(Stored items from a collection)
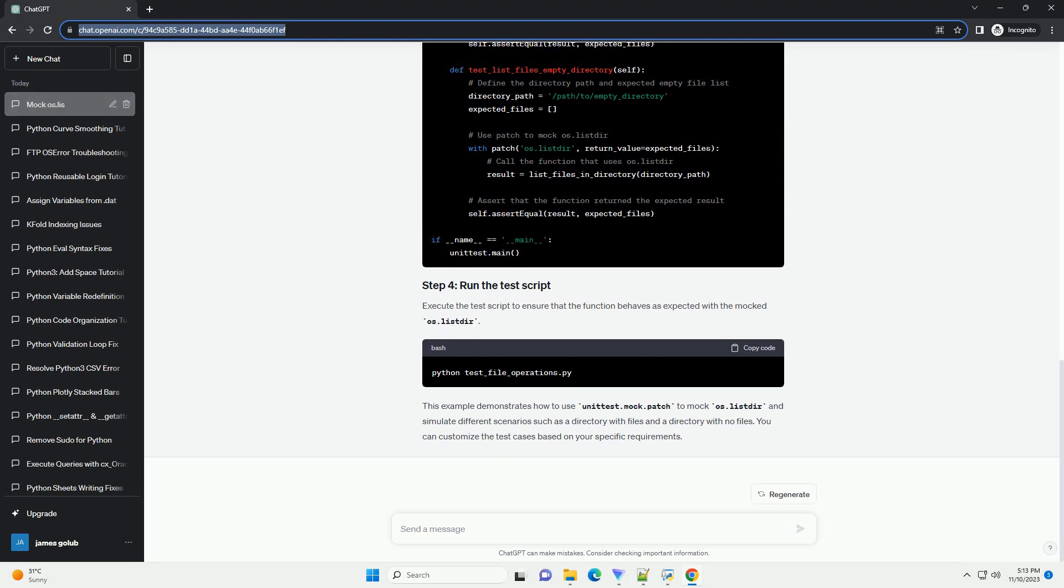Now, let's create a test script that mocks the os.listdir function to simulate different scenarios.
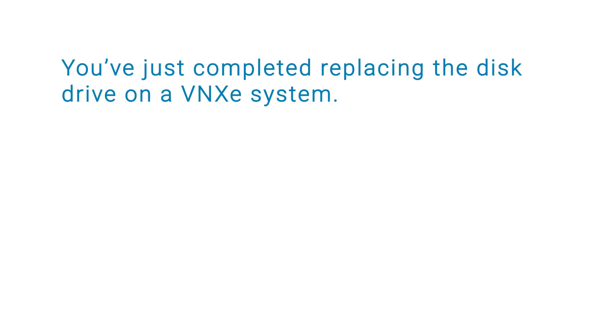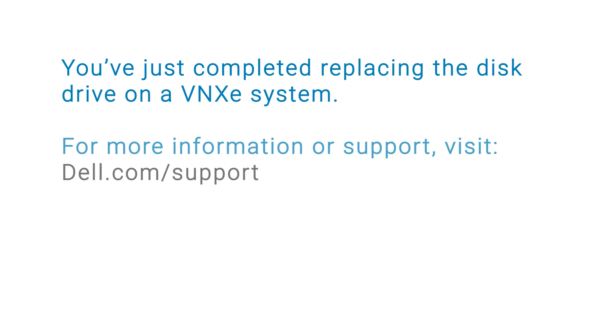You've just completed replacing the disk drive on a VNXe system. For more information or support, visit dell.com/support.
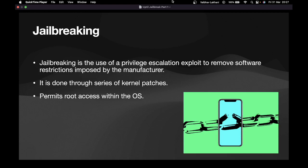Hello all, welcome back to this course. In the last video we learned about simulators and emulators. In this video we are going to learn about jailbreaking — the different types of jailbreaking, how you can jailbreak an iOS device, and then I will be demonstrating the steps in order to jailbreak an iOS device.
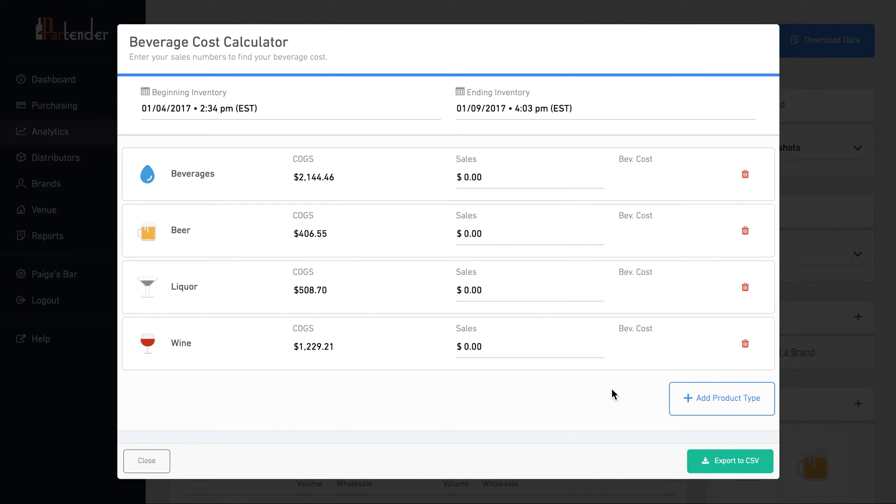Run the sales report from your POS for the same time period and determine the total sales for liquor, beer, and wine. Enter your sales here. Then it will automatically calculate your beverage cost.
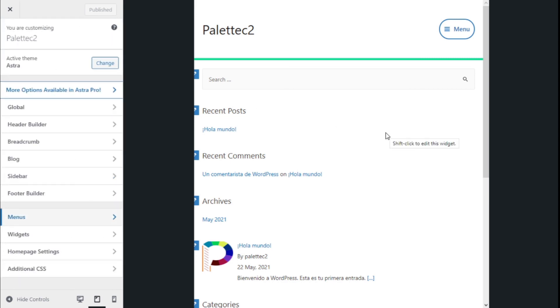So that's it. We have learned how to configure the off-canvas menu of our site using the Astra theme in a quick and easy manner. If you like the video, subscribe to our channel and share it with a friend who may need help on this site. See you next time on Paletech.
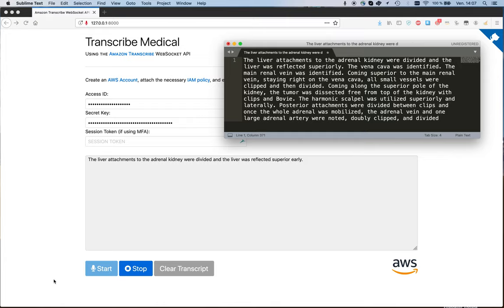Coming superior to the main renal vein, staying right on the vena cava, all small vessels were clipped and then divided.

WHAT THE TASK ASKS >> Your reply should consist solely of the lines above from the line containing "Hello all, welcome" up to and including the line containing "Run the sales", reproduced exactly, minus the pictures.

WRITTEN RESPONSE >>
Hello all, welcome back to this course. In the last video we learned about simulators and emulators. In this video we are going to learn about jailbreaking — the different types of jailbreaking, how you can jailbreak an iOS device, and then I will be demonstrating the steps in order to jailbreak an iOS device.
Run the sales report from your POS for the same time period and determine the total sales for liquor, beer, and wine. Enter your sales here. Then it will automatically calculate your beverage cost.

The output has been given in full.